インターネット上のサービスはどうだろう。Google にも blog がある(http://googleblog.blogspot.com/)。はてなは blog どころか会議の音声までインターネットで配信している(http://www.hatena.ne.jp/info/podcast)。

次に業務系システムの構築の世界。話題の東証のシステムの様なオーダーメイドのシステムを作る世界だ。これは僕の少ない経験を振り返ってみよう。まず、オーダーメイドなので、作り手と利用者(の組織の人)との交流は密接な場合が多い。業務の詳しい事が分からないとユーザに尋ねる事になる。作業場所の影響も大きい。ユーザー企業で開発する場合は隠し事が減る。開発する人の会話が聞こえるし、残業時間もよくわかる。過程がユーザー側に見えると、開発側が的確に行動している場合は信頼につながりそうだ。プロジェクトがうまくいっていない場合も、実態を伝えやすい様に思える。ただ、この場合にシステムを作っている過程が見えているのは、ユーザー側の団体のシステム関連の課の人でエンドユーザーではないけれど。

駆け足で検討してみた。開発者声を発信している団体は結構ある。blog ならば、情報の公開だけでなく利用者と双方向のやり取りが出来て効果が高そうだ。

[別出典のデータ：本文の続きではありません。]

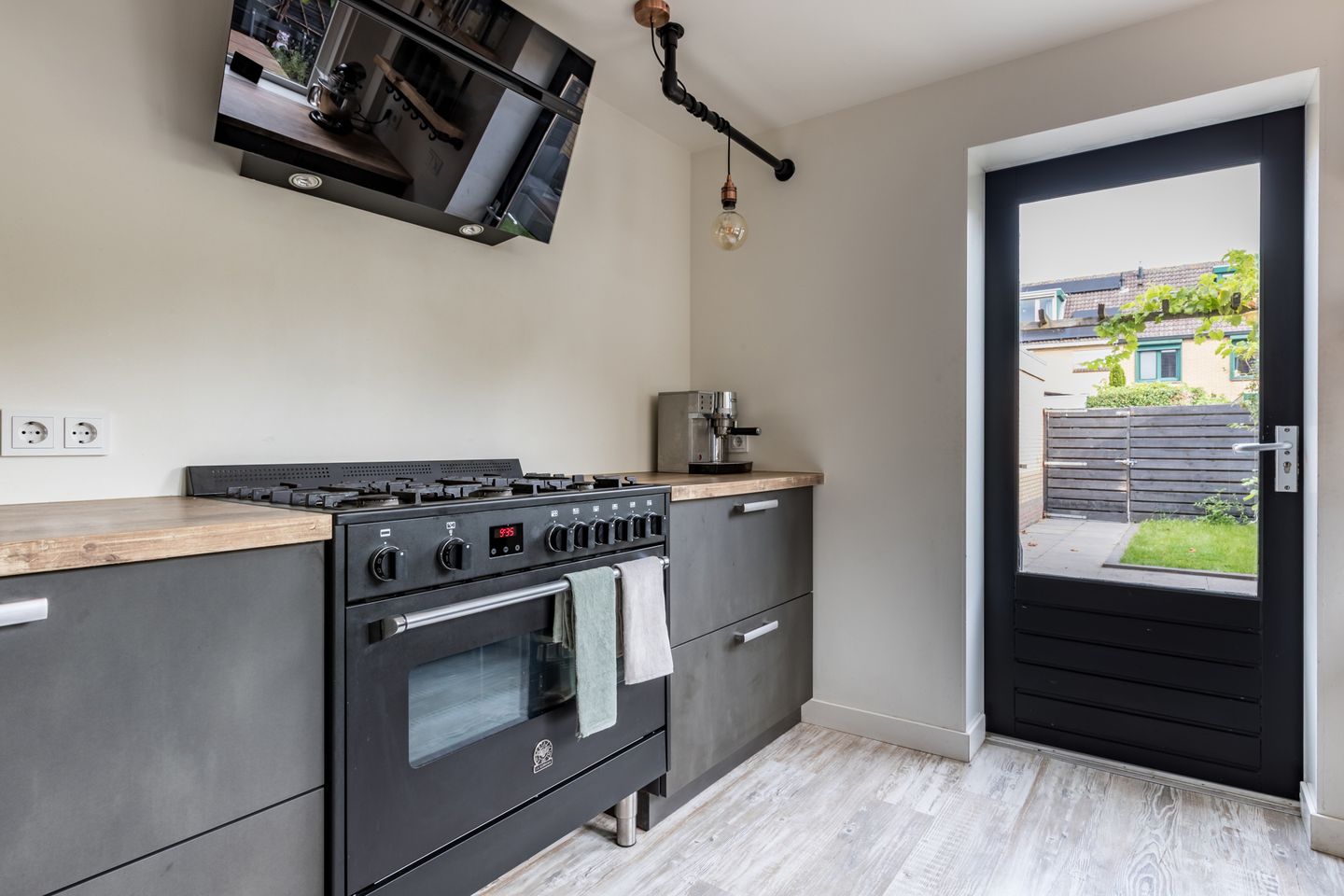 Photo 14 of Anna van Saksenstraat 118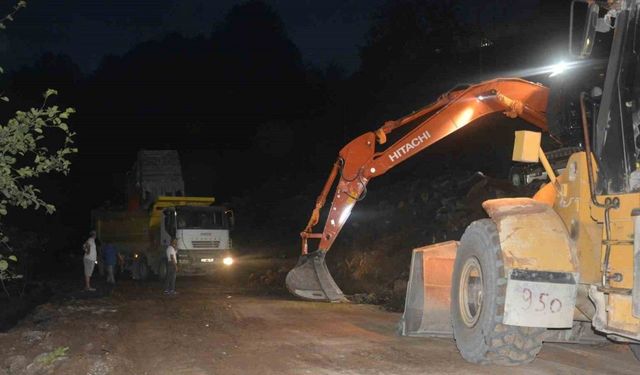 Ordu’daki yol çalışmasında patlatılan dinamit Karadeniz-Akdeniz bağlantı yolunu 8 saat trafiğe kapattı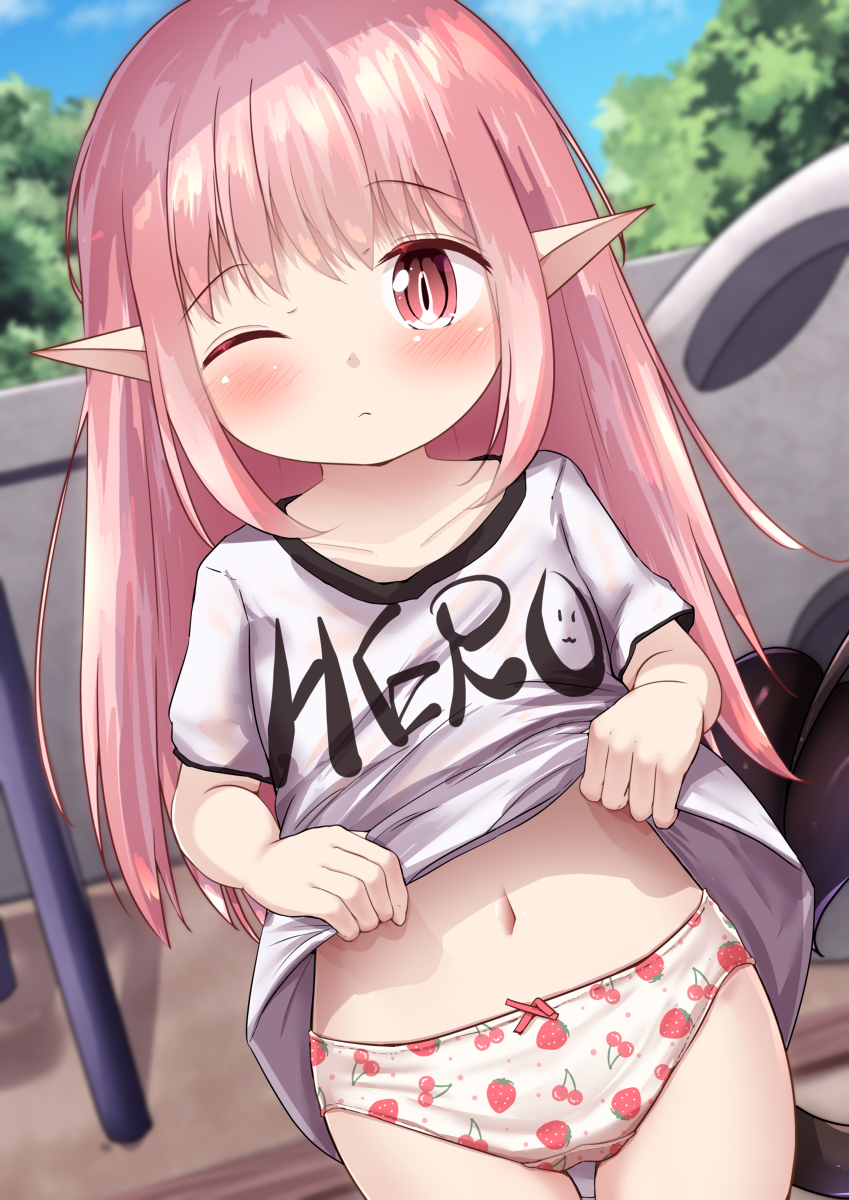 This is a pixiv picture whose title is 公園ロリサキュバスちゃん.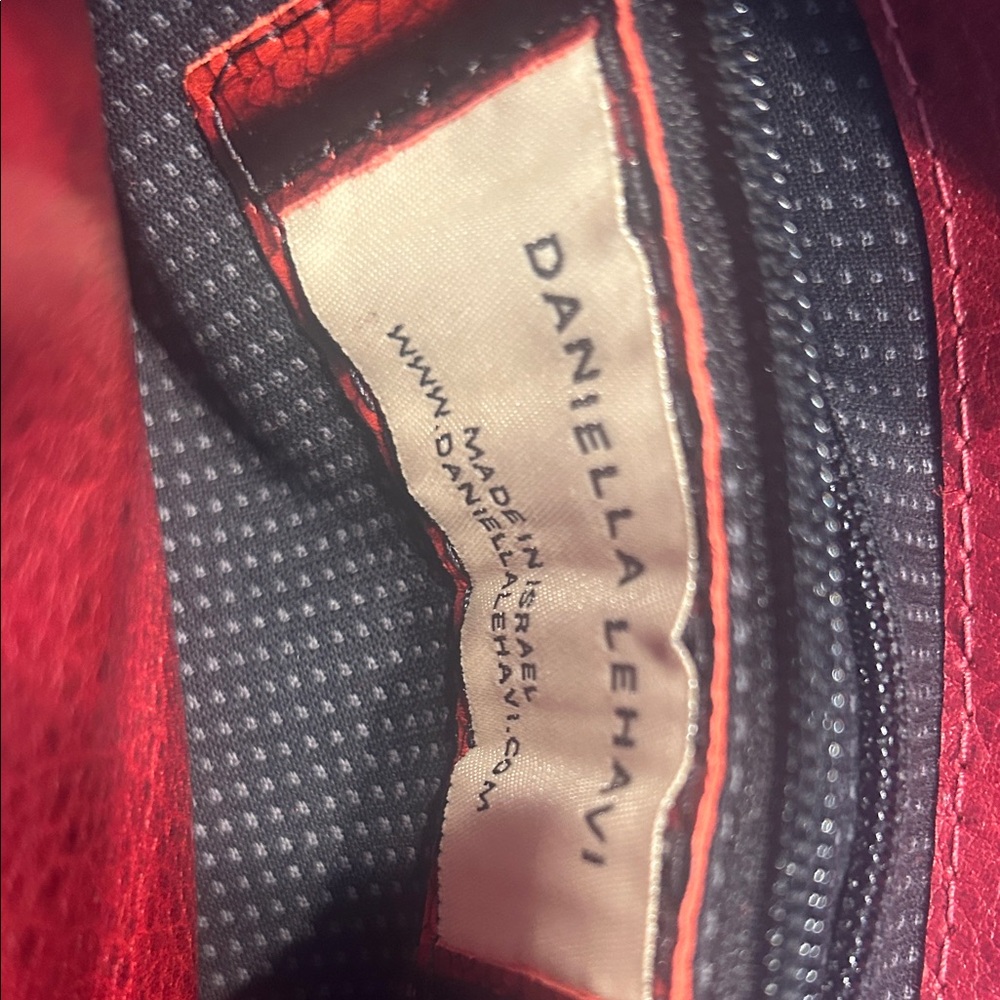 Elegant Red Striped Shoulder Bag - Picture 4 of 4
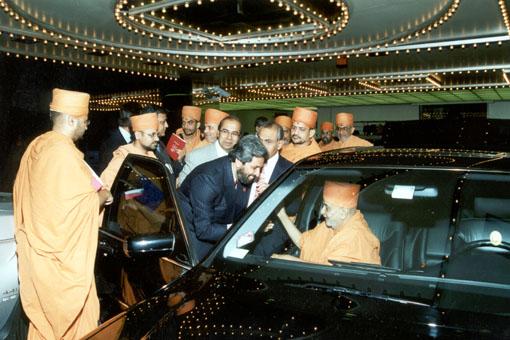 Mr. Bawa Jain, General Secretary of the Summit,and the Hinduja brothers welcoming Swamishri at The Waldorf - Astoria Hotel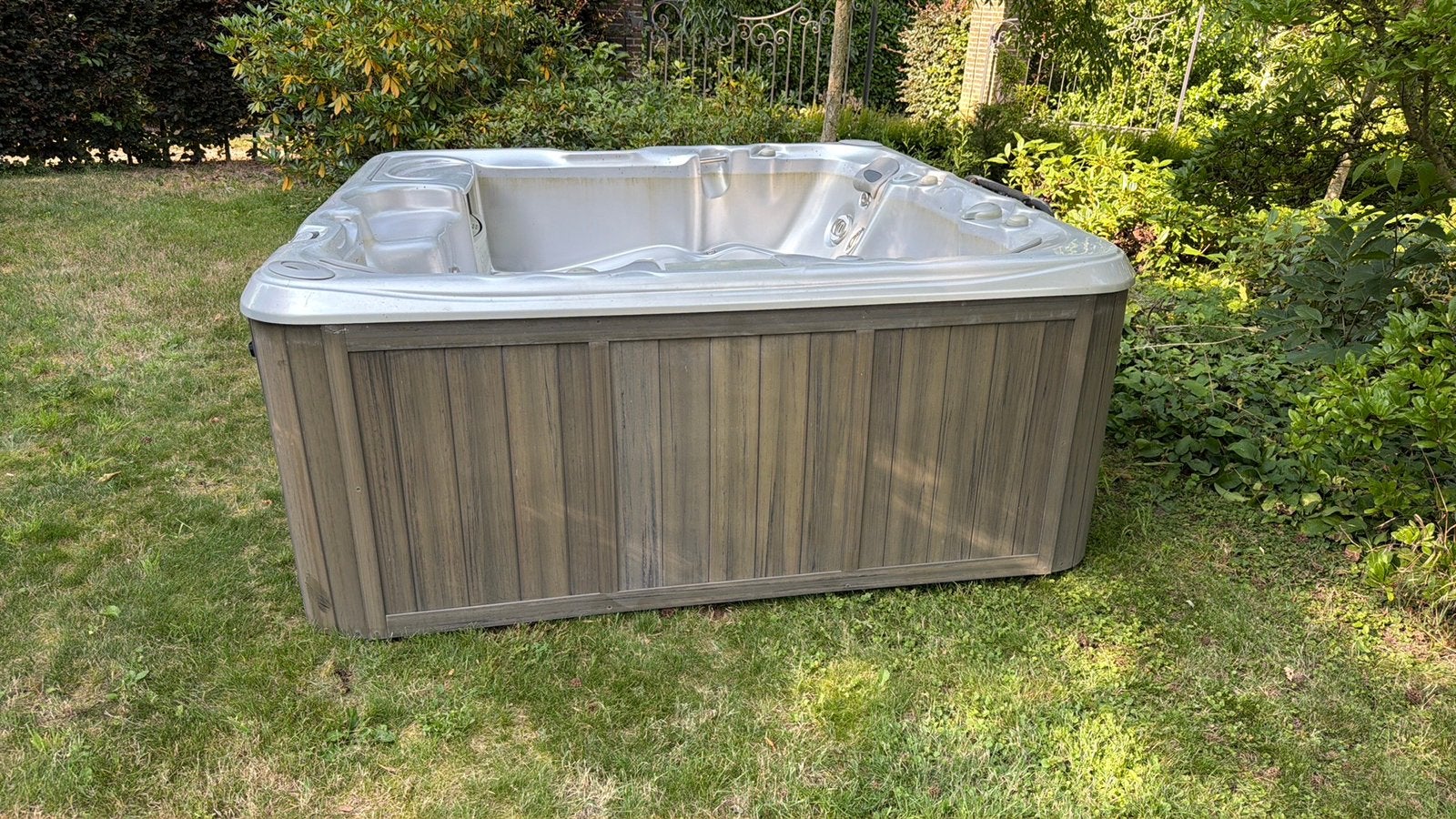 Sundance jacuzzi, Jardin & Terrasse, Bains à remous et Spas, Enlèvement, Comme neuf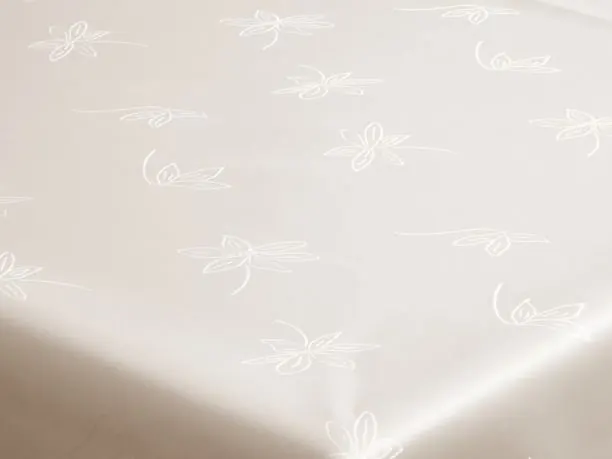 Obrus plamoodporny 140x220 cm owalny jasnokremowy koniczynka krem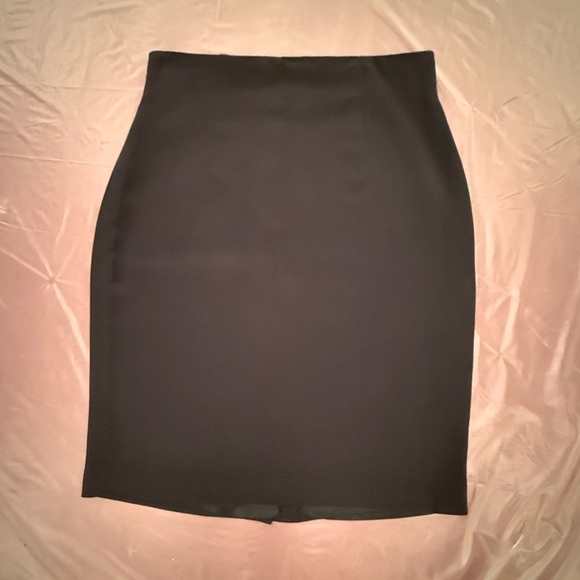 Flores & Flores Black 100% Silk Knee Length Pencil Skirt Size 8/Medium MSRP $225 - Picture 2 of 8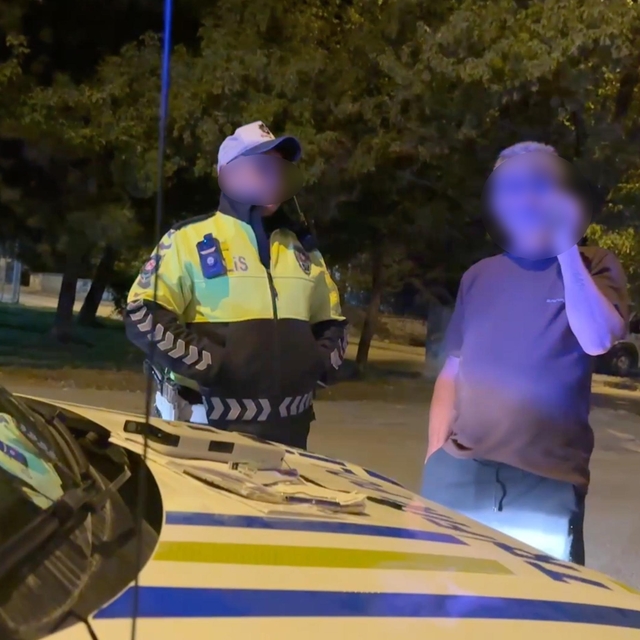 Alkollü sürücü polis otosuna binerken kapıları karıştırdı
Alkollü sürücü ar...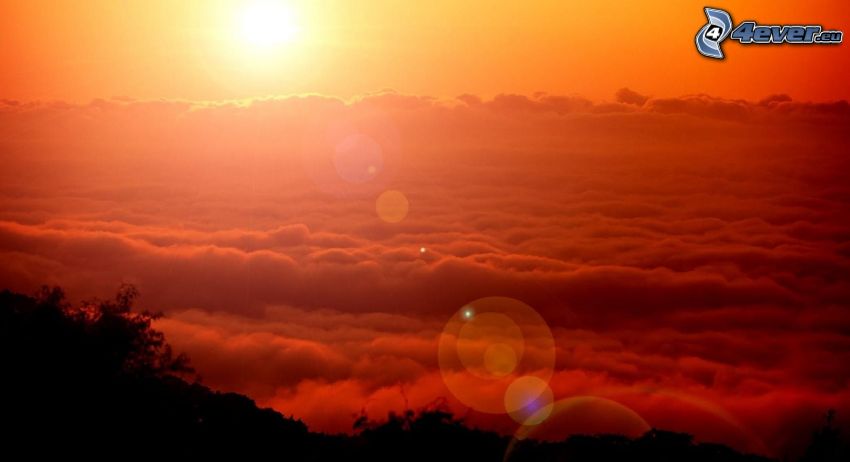 Tramonto sopra le nuvole, tramonto arancio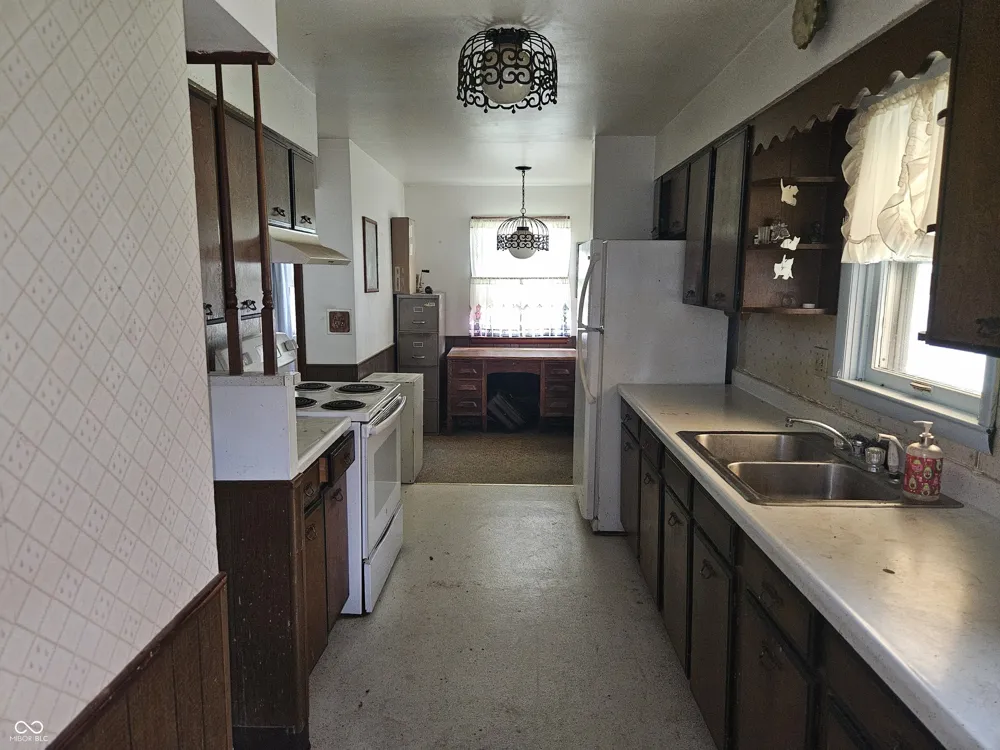 1311 S J STREET S Elwood, IN 46036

blog が WBS の例と比較して弱い点はどこだろう。それは、積極的に情報を取りにくる人にしか伝わらないという点ではないだろうか。雑誌の広告や店頭のパッケージに、開発談が載っていると買う人の信頼感があがりはしないだろうか。また、サイトの目立つところに開発者の blog へのリンクを置いてはどうだろうか。システムが止まるとマスコミなどで叩かれてしまうところは、仕様策定会議の議事録を公開したり、それをまとめてこんな事がんばってます的な事をアピールしたら現状が世間に正しく伝わるんじゃなかろうか。そんな事を考えた。